Jonathan Pryce (Shylock) and Dominic Mafham (Antonio) in The Merchant Of Venice. Photograph: Tristram Kenton/The Guardian

Portia, for example, was played by Rachel Pickup with a kind of mean girl snap, her condescension towards Shylock’s daughter instantly recognisable. Likewise Dominic Mafham as Antonio played the role less bullishly than with the entrenched, languorous contempt of the entitled.

Great English stage actors can go overboard in Shakespeare – most famously Olivier gurning his way through Othello, although Ian McKellen’s last King Lear gave him a run for his money. I had half wondered if Jonathan Pryce as Shylock would go this way. He didn’t. Instead, his Shylock, stoop-shouldered and by turns cowering and full of a frothing bravado, rescued the role from being a “comment” on race, and returned it to the story of a battered, angry and increasingly mad old man, pushed to savagery by the savagery around him. Sympathy for Shylock has waxed and waned over the centuries and he is now firmly regarded as a character more sinned against than sinning. In this production, in which he exchanged Yiddish asides with Jessica, his daughter, he was rendered as a complexly as I’ve seen.

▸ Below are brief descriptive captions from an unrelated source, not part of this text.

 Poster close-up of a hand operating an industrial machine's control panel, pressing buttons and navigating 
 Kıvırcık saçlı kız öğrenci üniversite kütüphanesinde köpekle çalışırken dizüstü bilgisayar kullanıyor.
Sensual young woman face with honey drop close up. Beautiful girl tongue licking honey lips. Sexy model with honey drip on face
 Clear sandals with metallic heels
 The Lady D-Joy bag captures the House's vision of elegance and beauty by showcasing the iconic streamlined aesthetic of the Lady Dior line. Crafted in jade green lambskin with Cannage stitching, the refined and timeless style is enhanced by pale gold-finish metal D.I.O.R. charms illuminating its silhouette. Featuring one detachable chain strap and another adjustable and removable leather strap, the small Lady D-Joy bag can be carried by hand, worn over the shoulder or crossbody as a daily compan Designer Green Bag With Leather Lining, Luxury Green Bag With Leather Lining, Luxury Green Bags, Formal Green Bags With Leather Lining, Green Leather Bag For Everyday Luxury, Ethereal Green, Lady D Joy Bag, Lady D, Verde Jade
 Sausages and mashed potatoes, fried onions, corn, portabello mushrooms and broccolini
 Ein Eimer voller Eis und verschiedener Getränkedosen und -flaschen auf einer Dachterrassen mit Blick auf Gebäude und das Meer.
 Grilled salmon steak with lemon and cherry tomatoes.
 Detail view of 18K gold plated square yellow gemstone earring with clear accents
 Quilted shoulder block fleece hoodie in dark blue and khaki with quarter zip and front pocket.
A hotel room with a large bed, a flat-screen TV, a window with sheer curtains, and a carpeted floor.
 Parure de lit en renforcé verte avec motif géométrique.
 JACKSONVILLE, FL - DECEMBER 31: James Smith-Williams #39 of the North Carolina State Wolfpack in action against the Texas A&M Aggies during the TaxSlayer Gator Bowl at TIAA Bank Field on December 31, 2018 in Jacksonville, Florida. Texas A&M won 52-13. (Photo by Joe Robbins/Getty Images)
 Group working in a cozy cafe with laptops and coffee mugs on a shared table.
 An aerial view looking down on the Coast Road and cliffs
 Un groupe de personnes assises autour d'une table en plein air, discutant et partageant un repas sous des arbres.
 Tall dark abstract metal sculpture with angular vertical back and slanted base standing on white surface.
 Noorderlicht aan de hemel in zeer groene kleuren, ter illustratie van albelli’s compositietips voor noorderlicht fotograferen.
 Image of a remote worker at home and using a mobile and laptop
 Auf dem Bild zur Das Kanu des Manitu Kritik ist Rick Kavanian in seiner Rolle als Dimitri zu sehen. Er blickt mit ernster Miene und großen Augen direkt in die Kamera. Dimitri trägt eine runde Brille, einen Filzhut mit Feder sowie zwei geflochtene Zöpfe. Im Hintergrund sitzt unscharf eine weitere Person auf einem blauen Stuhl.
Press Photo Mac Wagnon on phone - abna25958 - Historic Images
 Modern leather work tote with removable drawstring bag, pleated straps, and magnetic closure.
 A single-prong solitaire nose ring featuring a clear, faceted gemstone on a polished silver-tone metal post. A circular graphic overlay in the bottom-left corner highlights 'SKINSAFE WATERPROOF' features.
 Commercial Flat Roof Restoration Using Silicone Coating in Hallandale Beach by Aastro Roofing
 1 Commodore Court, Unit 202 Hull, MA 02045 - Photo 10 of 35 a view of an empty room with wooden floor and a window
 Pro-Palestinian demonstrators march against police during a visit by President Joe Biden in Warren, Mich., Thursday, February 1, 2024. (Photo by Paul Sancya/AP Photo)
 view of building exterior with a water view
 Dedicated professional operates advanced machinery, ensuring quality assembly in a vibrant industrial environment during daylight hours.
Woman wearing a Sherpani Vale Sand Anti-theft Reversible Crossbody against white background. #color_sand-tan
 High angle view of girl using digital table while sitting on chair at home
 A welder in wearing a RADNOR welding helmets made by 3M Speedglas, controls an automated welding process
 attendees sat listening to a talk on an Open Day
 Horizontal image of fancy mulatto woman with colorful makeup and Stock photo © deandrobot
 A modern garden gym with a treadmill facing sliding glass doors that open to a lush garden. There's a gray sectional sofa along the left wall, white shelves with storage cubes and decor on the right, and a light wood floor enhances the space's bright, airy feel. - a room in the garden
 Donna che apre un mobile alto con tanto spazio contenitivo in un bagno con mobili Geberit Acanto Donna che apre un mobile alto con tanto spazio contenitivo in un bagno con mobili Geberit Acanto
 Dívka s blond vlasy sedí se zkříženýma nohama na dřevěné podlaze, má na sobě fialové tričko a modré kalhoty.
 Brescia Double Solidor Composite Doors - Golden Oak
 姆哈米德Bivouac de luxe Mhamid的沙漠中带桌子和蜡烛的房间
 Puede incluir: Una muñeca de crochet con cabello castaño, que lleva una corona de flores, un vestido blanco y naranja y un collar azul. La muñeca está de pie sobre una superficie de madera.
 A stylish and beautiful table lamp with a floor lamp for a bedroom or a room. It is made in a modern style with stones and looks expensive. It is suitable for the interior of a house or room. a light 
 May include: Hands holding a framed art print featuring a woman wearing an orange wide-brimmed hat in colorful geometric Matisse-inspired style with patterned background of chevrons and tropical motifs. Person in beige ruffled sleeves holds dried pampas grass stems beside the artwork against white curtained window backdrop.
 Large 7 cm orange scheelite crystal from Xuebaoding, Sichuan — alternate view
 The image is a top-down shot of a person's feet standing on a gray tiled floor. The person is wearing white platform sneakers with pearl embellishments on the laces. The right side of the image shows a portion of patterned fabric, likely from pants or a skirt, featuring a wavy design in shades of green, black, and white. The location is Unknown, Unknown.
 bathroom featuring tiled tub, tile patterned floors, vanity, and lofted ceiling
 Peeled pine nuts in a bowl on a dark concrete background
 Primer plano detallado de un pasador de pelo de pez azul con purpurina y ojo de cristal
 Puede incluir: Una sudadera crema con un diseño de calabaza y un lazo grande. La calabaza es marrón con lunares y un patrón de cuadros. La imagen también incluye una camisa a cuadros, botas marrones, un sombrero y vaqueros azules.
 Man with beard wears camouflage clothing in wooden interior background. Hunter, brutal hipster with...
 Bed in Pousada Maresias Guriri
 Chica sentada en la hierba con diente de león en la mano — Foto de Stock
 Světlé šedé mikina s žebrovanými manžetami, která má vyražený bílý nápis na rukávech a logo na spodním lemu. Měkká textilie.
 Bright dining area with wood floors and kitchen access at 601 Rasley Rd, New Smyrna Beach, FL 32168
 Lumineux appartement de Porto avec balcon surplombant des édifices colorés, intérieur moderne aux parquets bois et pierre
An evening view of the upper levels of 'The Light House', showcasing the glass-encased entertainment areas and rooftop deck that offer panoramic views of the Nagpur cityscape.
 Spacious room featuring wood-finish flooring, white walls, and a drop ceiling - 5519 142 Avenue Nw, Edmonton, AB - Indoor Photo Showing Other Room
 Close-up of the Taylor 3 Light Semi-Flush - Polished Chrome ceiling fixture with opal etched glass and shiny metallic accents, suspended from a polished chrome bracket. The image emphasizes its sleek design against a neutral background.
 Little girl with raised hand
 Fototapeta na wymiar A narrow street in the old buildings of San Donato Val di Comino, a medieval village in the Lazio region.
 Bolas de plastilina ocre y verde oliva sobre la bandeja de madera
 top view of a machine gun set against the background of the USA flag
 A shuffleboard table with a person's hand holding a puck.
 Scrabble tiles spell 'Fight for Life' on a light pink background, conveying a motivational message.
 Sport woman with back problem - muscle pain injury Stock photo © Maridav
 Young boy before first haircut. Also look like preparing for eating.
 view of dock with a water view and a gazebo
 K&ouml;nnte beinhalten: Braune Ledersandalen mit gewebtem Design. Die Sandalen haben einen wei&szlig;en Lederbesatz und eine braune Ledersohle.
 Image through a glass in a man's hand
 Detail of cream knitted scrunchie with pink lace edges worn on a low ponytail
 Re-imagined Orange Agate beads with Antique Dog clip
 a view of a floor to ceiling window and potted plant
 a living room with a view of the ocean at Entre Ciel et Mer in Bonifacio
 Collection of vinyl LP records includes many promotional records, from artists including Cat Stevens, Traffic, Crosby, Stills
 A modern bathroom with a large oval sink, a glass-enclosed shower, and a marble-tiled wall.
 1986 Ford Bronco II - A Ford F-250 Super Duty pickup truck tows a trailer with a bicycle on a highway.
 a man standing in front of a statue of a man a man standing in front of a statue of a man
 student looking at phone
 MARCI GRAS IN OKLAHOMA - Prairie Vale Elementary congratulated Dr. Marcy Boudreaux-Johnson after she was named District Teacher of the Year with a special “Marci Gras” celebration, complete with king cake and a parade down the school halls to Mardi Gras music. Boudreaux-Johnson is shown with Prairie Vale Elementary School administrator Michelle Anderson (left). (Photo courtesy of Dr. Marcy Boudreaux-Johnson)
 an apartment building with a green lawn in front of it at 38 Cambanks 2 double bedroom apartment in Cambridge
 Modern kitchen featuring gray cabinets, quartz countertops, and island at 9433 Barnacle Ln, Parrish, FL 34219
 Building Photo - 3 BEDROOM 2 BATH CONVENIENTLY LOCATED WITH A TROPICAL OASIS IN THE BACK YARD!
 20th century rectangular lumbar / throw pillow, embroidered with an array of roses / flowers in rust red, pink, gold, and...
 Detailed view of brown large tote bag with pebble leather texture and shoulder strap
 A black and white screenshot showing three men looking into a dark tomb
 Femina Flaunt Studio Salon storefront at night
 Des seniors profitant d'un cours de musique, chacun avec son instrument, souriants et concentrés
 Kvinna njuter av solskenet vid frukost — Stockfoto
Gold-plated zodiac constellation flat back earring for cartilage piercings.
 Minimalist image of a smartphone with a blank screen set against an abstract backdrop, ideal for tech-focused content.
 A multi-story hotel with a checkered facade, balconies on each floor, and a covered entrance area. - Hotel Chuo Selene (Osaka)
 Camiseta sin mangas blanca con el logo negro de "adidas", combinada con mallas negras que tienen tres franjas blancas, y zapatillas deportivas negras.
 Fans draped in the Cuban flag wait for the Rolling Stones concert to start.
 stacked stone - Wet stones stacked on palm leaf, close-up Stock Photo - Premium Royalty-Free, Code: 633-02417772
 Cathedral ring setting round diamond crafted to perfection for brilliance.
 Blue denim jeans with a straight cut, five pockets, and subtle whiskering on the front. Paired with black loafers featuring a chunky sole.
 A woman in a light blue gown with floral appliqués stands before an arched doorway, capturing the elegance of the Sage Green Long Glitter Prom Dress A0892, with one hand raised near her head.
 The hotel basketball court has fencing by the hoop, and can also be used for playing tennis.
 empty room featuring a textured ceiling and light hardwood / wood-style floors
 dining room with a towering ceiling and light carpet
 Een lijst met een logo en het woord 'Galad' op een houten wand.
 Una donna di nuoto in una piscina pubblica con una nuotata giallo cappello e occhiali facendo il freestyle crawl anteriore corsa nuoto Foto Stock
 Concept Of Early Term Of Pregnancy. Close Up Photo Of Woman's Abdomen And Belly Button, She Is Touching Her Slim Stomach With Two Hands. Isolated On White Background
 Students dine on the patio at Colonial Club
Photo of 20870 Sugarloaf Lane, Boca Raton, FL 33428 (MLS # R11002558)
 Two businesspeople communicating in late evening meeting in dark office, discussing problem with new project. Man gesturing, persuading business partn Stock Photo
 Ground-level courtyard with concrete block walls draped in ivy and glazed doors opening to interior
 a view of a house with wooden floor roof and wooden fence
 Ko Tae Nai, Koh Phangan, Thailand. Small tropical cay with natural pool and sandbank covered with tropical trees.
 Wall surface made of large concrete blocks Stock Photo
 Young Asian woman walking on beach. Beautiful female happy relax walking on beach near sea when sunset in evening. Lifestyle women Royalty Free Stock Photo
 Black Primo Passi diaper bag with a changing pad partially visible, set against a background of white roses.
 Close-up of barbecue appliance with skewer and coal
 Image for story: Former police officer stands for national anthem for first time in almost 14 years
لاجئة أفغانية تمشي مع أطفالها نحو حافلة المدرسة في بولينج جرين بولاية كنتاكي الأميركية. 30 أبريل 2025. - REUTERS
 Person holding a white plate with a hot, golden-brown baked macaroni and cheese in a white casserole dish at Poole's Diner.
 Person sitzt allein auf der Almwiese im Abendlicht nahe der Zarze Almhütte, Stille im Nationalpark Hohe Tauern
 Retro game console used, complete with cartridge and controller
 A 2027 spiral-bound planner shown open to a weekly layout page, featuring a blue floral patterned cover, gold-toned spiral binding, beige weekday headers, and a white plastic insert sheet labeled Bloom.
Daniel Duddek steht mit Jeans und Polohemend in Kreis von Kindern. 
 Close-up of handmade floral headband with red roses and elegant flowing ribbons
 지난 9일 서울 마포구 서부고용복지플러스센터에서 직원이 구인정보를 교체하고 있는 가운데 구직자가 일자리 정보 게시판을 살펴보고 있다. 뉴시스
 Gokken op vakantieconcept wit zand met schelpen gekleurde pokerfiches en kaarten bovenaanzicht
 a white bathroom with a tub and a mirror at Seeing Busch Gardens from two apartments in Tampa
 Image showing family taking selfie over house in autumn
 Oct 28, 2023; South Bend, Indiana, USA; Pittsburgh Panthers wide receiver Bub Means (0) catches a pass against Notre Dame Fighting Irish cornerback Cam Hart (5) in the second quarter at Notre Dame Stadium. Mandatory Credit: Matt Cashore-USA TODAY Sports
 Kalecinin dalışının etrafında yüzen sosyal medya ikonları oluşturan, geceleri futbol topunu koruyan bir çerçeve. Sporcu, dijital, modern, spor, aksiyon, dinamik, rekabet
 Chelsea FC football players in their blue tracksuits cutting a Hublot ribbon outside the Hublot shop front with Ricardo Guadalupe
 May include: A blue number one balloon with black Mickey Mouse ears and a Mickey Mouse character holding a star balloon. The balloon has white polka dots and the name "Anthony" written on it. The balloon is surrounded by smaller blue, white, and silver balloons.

There were some accommodations for modernity. The question of why Antonio would put himself out quite so fervently for Bassanio and vice versa is, today, never adequately explained by fraternal feeling and in this version, Antonio makes a vague pass at his friend, who brusquely rejects it. I wonder if there isn’t a way to make gay subtext slightly more subtextual.

In the same way, the end of the play felt overblown, rising to a shriek as Shylock’s forced conversion to Christianity was played out on stage while his heartbroken daughter sang a Hebrew prayer by his side. But these are quibbles. The effect of the play was as of a punch to the gut and the smell of fire from the torches lingered long after the end.